Задумываюсь настолько глубоко, что чуть не сбиваю сидящего на корточках человека. Перед ним высится куча макулатуры, которую он осторожно перебирает руками, одетыми в старенькие кожаные перчатки. Надо же, какой аккуратист! Сейчас он обнаруживает мое присутствие и поднимает глаза. Умное лицо старика изображает легкое изумление. Я вопросительно молчу, поэтому он говорит первым. На этой неделе ему дважды здорово повезло. Удалось разыскать икону XVIII века и подлинник письма Ильи Эренбурга. Я мимически выражаю вежливое изумление. Это его оживляет еще больше, и он рассказывает, что посещает эту свалку со дня ее торжественного открытия и до сих пор ходит сюда, как на работу. Он заядлый букинист и антиквар. Как ни странно, сюда иной раз привозят такие уникальные вещи, что диву даешься, до чего же люди не понимают, экие сокровища они почитают мусором. И какой, соответственно, мусор они принимают за сокровища. А лучшей его находкой является, к примеру, рукописное монастырское Евангелие XVI века в серебряном окладе с каменьями. С этой находки началось его увлечение доктриной христианства, исследованию коего этот доктор помоечных философских наук отдает свободное время и жар остывающего сердца.
Я обрываю старика на полуслове и, пока еще смущаясь, прошу чего-нибудь съестного. Старик извиняется и отвечает, что у него ничего с собой нет. Но если я буду так вежлив, чтобы потерпеть пару часов, он закончит сортировку партии макулатуры и пригласит меня к себе домой, где вроде что-то было из еды, хотя он сейчас постится, поэтому для него это в данный период несущественно. Я представляю себе, что несколько часов мне придется выслушивать то, от чего я недавно освободился, и, проглотив горькую слюну, решительно отказываюсь и плетусь дальше.
Свалка остается позади, сейчас меня окружают кусты с деревами, но ее смрадный аромат настойчиво преследует меня. Через лесок открывается дивный заливной луг с высокой густой травой. Где-то недалеко вода. Ага, вот и озерцо, образованное речушкой. Раздеваюсь и с помощью жирной прибрежной глины стираю свою одежду, несколько раз тщательно полощу ее в воде, затем развешиваю на кустах. Примерно то же самое проделываю со своим многострадальным телом. Наконец-то мне удается избавиться от непристойных запахов, я растягиваюсь на травке и погружаюсь в легкую дрему.
Просыпаюсь от неприятного чувства присутствия рядом чего-то нежелательно живого. Не открывая глаз, сквозь чащу ресниц удается рассмотреть сидящую надо мной на корточках женщину. Она внимательно разглядывает следы побоев на моем кожном покрове. Я приподнимаюсь на локте — она смущенно отстраняется и смеется. Рот ее наполнен темными редкими зубами, вокруг бесцветных губ собралось множество морщин, пальцы больших рук растопырены граблями. Одежда на ней дорогая, но безвкусно подобранная.
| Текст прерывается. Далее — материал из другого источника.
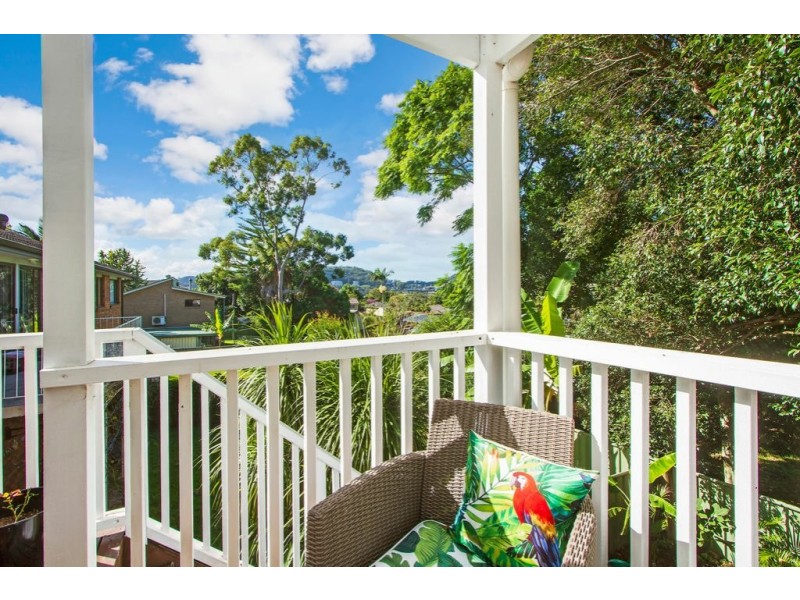 2/156a Brisbane Water Drive, Point Clare NSW 2250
Поднимаюсь, подхожу к своей сохнущей одежде, с легким ознобом натягиваю влажные брюки, а сам пытаюсь образно живописать, в какую страшную беду попал: напали, избили, раздели и обобрали. Женщина слушает с интересом, но без требуемой жалости. Прошу накормить, зная, что уж это на женщин действует всегда благотворно. Она слишком долго думает и задумчиво предлагает следовать за ней.
Приводят меня в странный дом, затерявшегося в глубине густого смешанного леса. За высоким дощатым забором в окружении все тех же смешанных деревьев, среди высоченных лопухов, осота и двухметрового борщевика выглядывает изба с черной рубероидной крышей. Дом изнутри захламлен, под ногами и вокруг все скрипит и жалуется.
Сажусь за стол, покрытый плюшевой скатертью. Передо мной появляются колбаса, затем хлеб, а потом и тарелка с помидорами. Под взглядом хозяйки жую чинно и сдержанно, за ее спиной набрасываюсь на еду, как зверь дикий. От столь стремительного насыщения начинает кружиться голова, и я, благодаря кормилицу за ее бесконечную доброту, рыщу глазами по комнате в поисках кровати. Обнаруживаю диван и направляюсь к нему, бубня под нос про закон Архимеда. Ложусь и пытаюсь задремать. В конце-концов, имеет право на зализывание ран избитый, несчастный человечек, подобранный на улице доброй женщиной.
Но вдруг ситуация меняется в нежелательную сторону. Подходит хозяйка и нависает надо мной, уперев руки в бока. В голове проносится неприятная мысль о плотских домогательствах, но хозяйка не об этом. Говорит же она о свинарнике, который я и не заметил, и о необходимости работы в нем. Спрашиваю в простоте сердца, можно ли мне рассчитывать на заработок, необходимый для восстановления своего социального статуса. На что она отвечает, без особых замысловатостей, что все зависит от производительности моего труда и ласковости в характере поведения.
Работаю в свинарнике до заката солнца. Здесь так же запущенно и грязно, как в доме. Оно, конечно, если женщина одна и ее слабые руки до всего не доходят, то это простительно, а мне, даже несмотря на травмы, помочь даме только в радость. Хотя, конечно, с другой стороны, все здесь напоминает авгиевы конюшни, притом я вовсе не Геракл.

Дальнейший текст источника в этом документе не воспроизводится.